Monday, October 13, 2008

The 333 Best Pop Songs of the 2000s: #268

#268: "Tonight" (2003) - Sara Evans

Clint Black once sang, “You won’t believe the things a heart can tell a mind;” he was singing of self-deception, one of the many topics troubling “Tonight”’s narrator. You see, what we have here is another cheating song, but this one—this one’s an odd bird. Evans here is positing the strange philosophical trope of cheating as self-awareness. “Know thyself,” Shakespeare once said, but I don’t believe he meant for us to sleep around in order to do so.


Actually, the song’s narrator doesn’t exactly advocate that action either, but consider this: she spends much less time speaking of her object de l’amour than she does struggling with her own culpability—and her own understanding of her own culpability. She spends half of one verse speaking of her feelings for her dark-end-of-the-street partner, and for the remainder of the songs she’s either justifying her actions (“there’s some things only lonely understands,” “Don’t the lies come easy baby when the truth just ain’t worth the fight”), questioning them (“I don’t know what’s wrong baby and I sure don’t know what’s right”), or deceiving herself (“Wrong can feel so right” followed by “I don’t know what’s wrong baby”).
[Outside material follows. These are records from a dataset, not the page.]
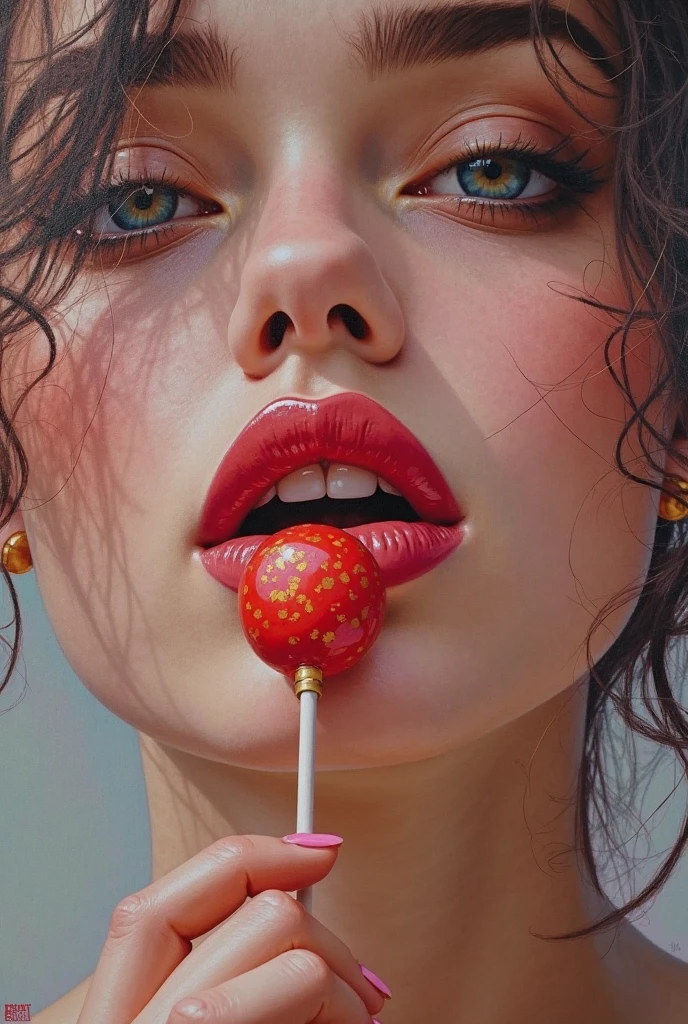 (masterpiece:1.2,Superior Quality,mirror-like,Cinematic Experience,Realistic:2.0,RAW Photos:2.0),8k,wallpaper,Beautiful and sensual female face,(Super sexyな顔:2.0),(Super sexy:2.0),(Super-functional:2.0),(dynamic:2.0),A woman licking a lollipop seductively2.0),(pop:2.0),(progressive:2.0),(psychedelic:2.0),Vector art,(Flat Design:2.0),(Background is candy:2.0),(Detailed face:2.0)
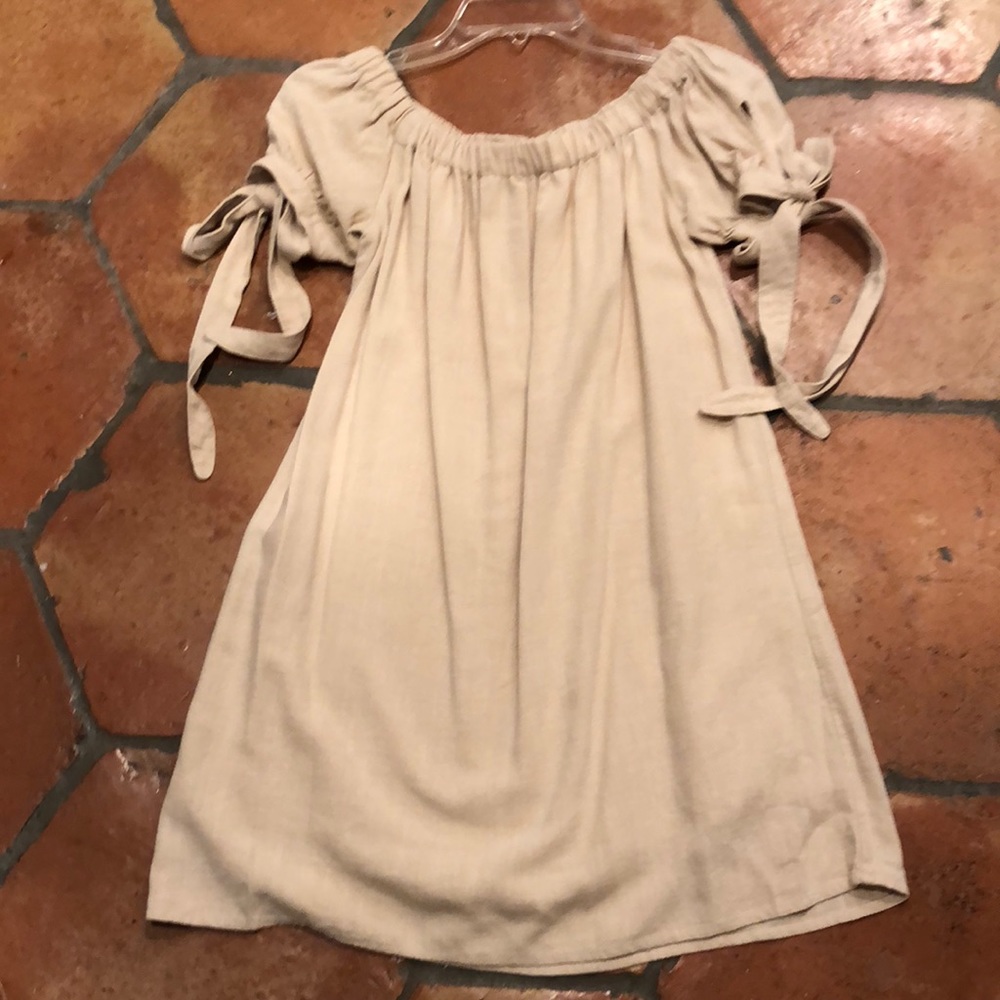 Lulus tan linen cotton dress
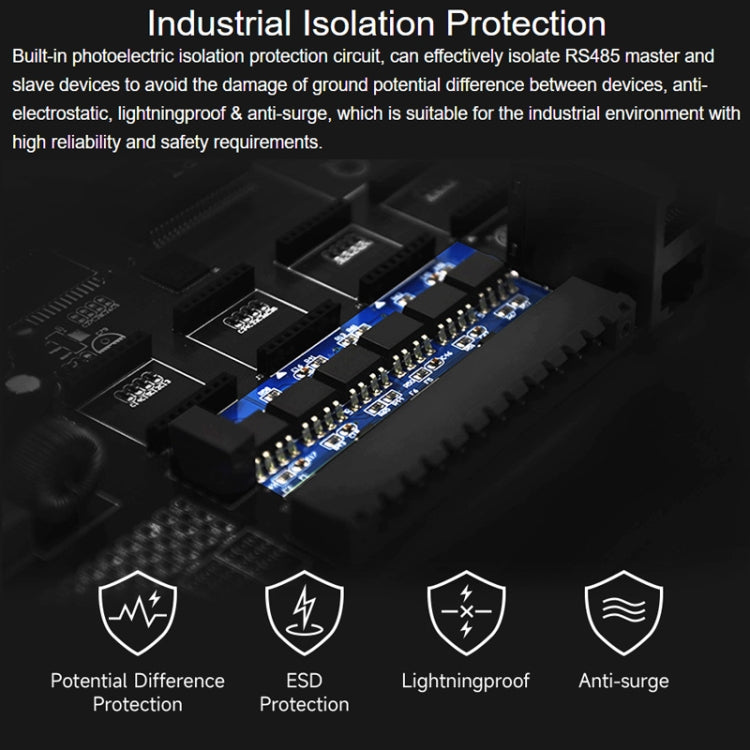 Waveshare RS485-HUB-8P Industrial-grade Isolated 8-ch RS485 Hub, Rail-mount Support, Wide Baud Rate Range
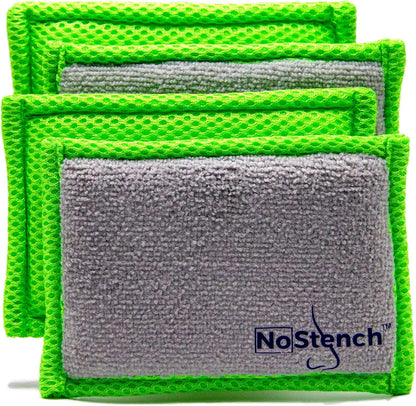NoStench Kitchen Sponge | Odor Resistant, Non-Scratch Microfiber Mesh & Terry Cloth Sponge, Long Lasting Odor Protection | Durable, 4 Pack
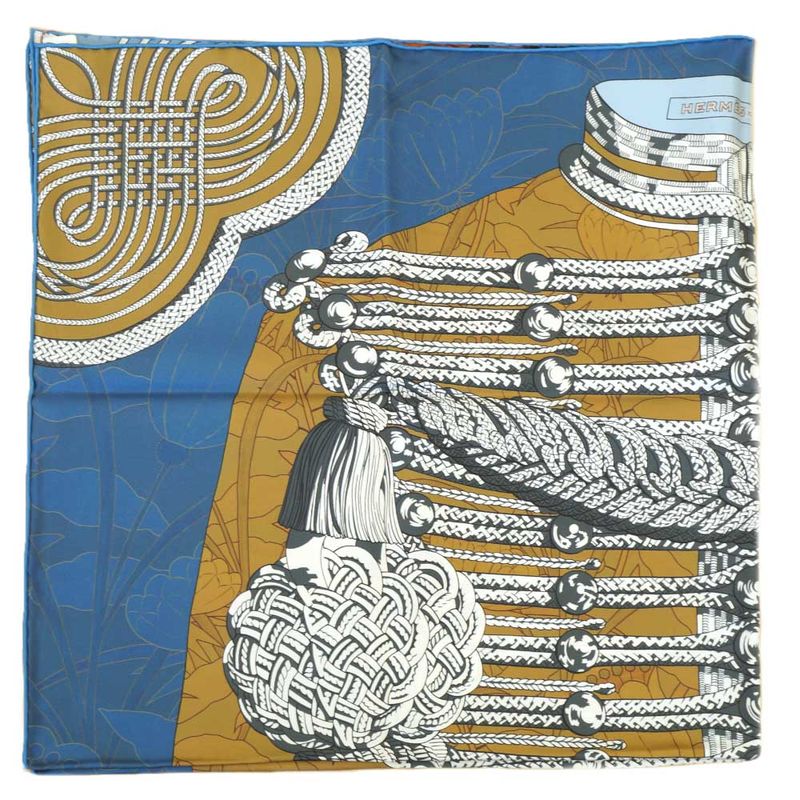 Hermes Carre 90 Double Face Brandebourgs Fleuris Brandenburg Ornament Scarf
Maybe, though, she’s just trying to understand herself for the first time in her life. Though she’s not quite there yet, not fully free, she’s on the right path; she’s reflecting, and she’s starting to see life, see herself, with the rose-colored glasses—if not completely off her face yet—sliding down the bridge of her nose. She recognizes her weaknesses, and she sees her situation for (at least part) of what it is (“I might just be a sinner wanting to be a saint/One justifies the reasons one understands the pain”). Maybe she’s been stifled (“I’ve held it all together”) for so long, all her life perhaps, that she’s just now beginning to see herself as an independent woman: one with thoughts and desires all her own; one whose thoughts, feelings, and actions will no longer be dictated to her by others; One who is finally beginning to experience herself and freedom for the first time. She's Music Row's Nora Helmer.

Cheating=self-awarness. Self-awareness=freedom. Cheating=freedom. What?!? Surely not. Well, in this case, it fits. What about the family? What about her kids? Well, she wants to leave them, too. Really, she does--in a mainstream country song, at that! It’s all in the song. Go back and listen to it. You won’t believe the things a heart can tell a mind.